Recipe 5.10. Selecting the nth Smallest Element of a Sequence

Solution
Perhaps you can do better, if the sequence is big, has been shuffled enough, and comparisons between its items are costly. Sort is very fast, but in the end (when applied to a thoroughly shuffled sequence of length n) it always takes O(n log n) time, while there exist algorithms that can be used to get the nth smallest element in time O(n). Here is a function with a solid implementation of such an algorithm:

import random
def select(data, n):
    " Find the nth rank ordered element (the least value has rank 0). "
    # make a new list, deal with <0 indices, check for valid index
    data = list(data)
    if n<0:
        n += len(data)
    if not 0 <= n < len(data):
        raise ValueError, "can't get rank %d out of %d" % (n, len(data))

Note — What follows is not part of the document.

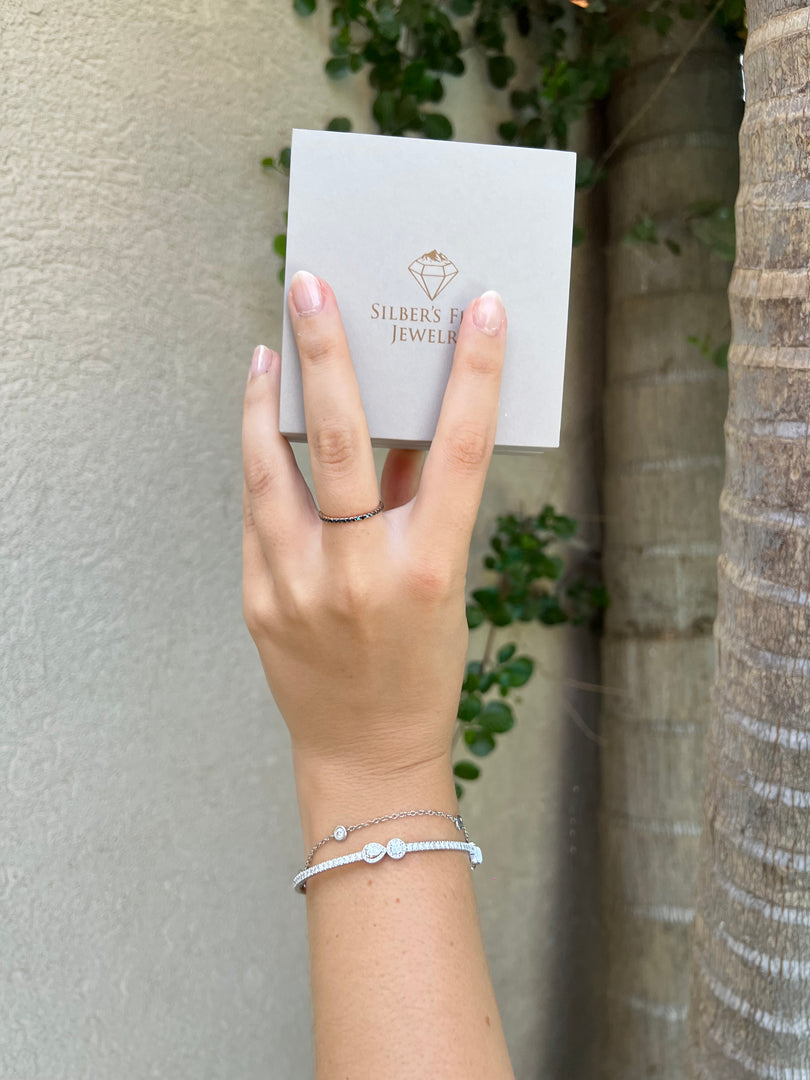 A hand holding a small box with the text "SILVER FASHION JEWELS" on it, along with a bracelet on the wrist.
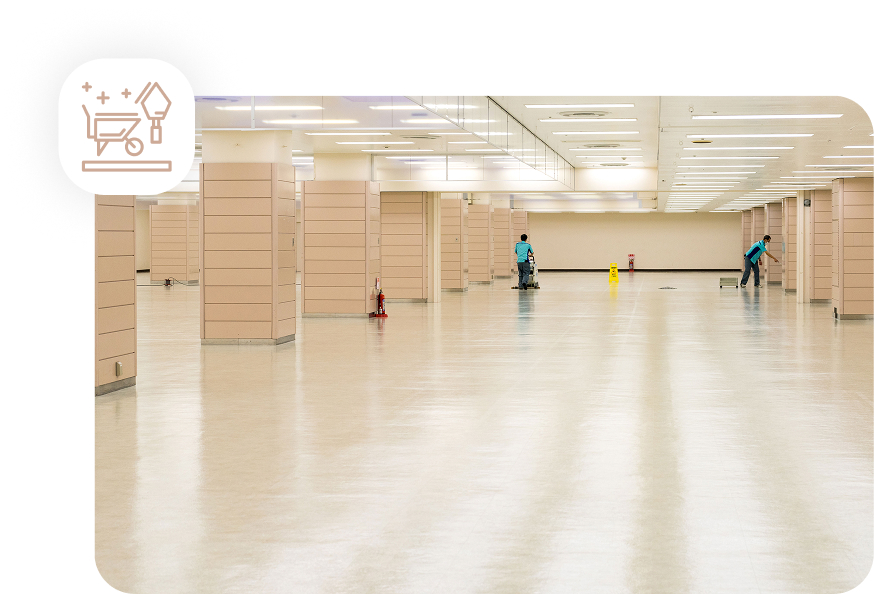 Two professional cleaners in a large, empty commercial space, using floor polishing machines for a post-construction cleanup.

    # main loop, quicksort-like but with no need for recursion
    while True:
        pivot = random.choice(data)
        pcount = 0
        under, over = [  ], [  ]
        uappend, oappend = under.append, over.append
        for elem in data:
            if elem < pivot:
                uappend(elem)
            elif elem > pivot:
                oappend(elem)
            else:
                pcount += 1
        numunder = len(under)
        if n < numunder:
            data = under
        elif n < numunder + pcount:
            return pivot
        else:
            data = over
            n -= numunder + pcount